### What the exercise asks
Once you reach the line with "Avizar Coque pour", copy it and every line after it exactly, up to the end of the data. Omit the pictures.

### Material provided

···

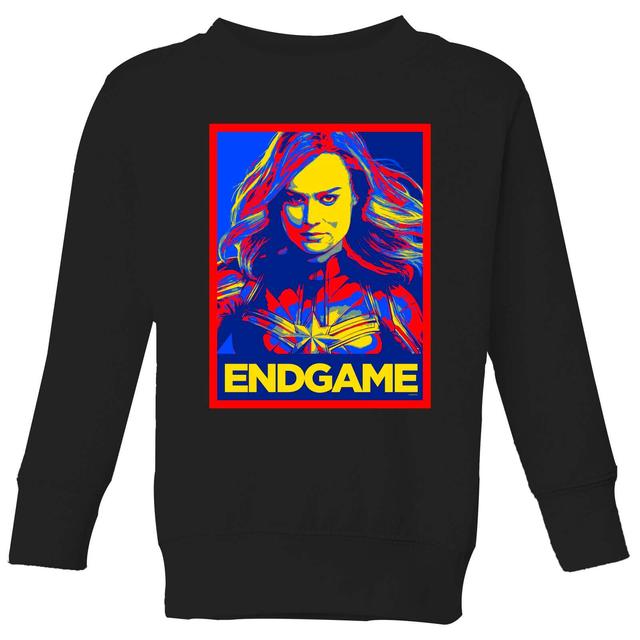 Avengers Endgame Captain Marvel Poster Kids' Sweatshirt - Black - 11-12 años - Negro on Productcaster.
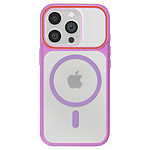 Avizar Coque pour iPhone 14 Pro Conception Bi-Matière Compatible MagSafe Violet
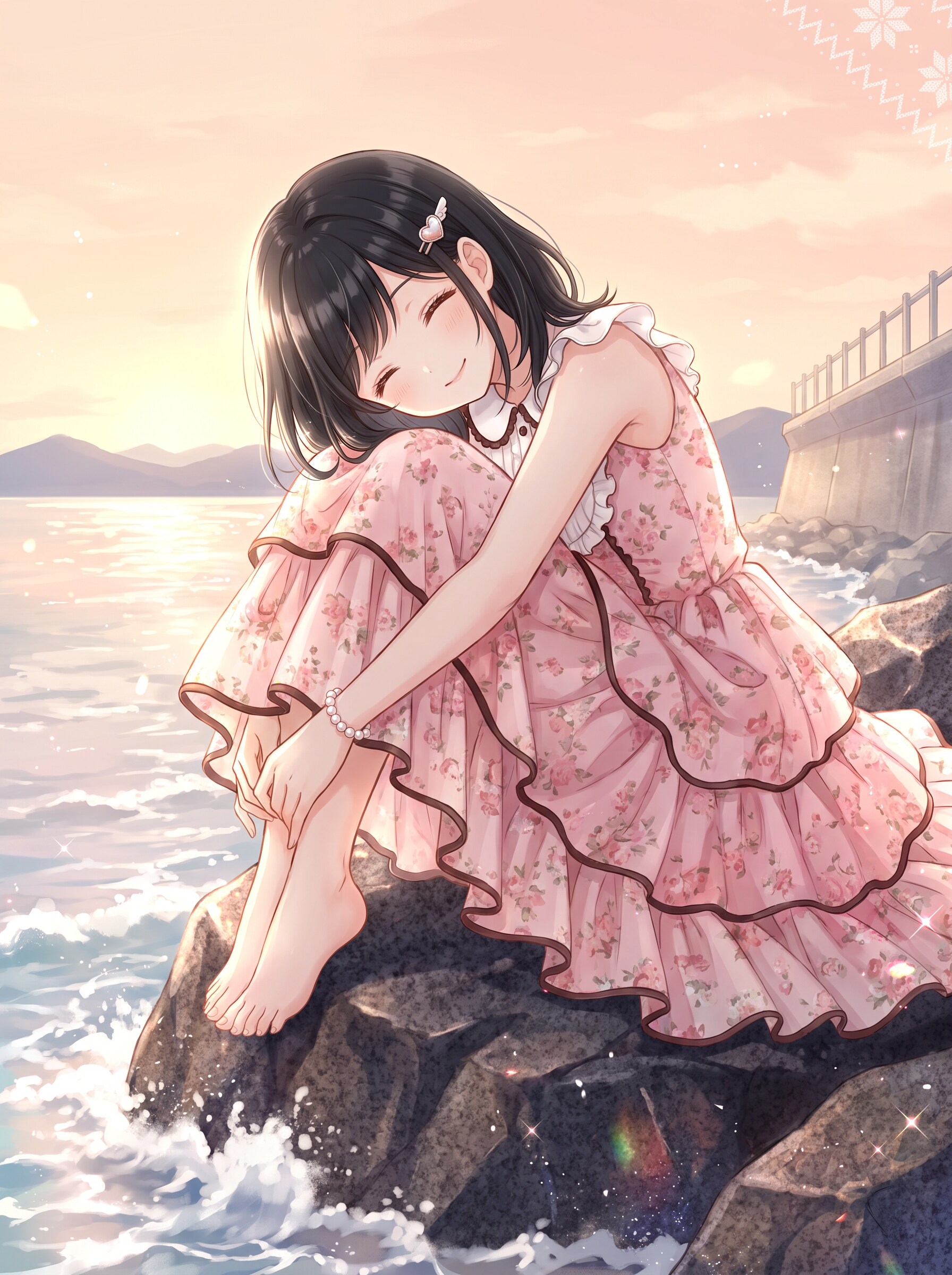 霞暁に微笑む少女 | の人気AIイラスト・グラビア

···

### Answer box
 Avizar Coque pour iPhone 14 Pro Conception Bi-Matière Compatible MagSafe Violet
 霞暁に微笑む少女 | の人気AIイラスト・グラビア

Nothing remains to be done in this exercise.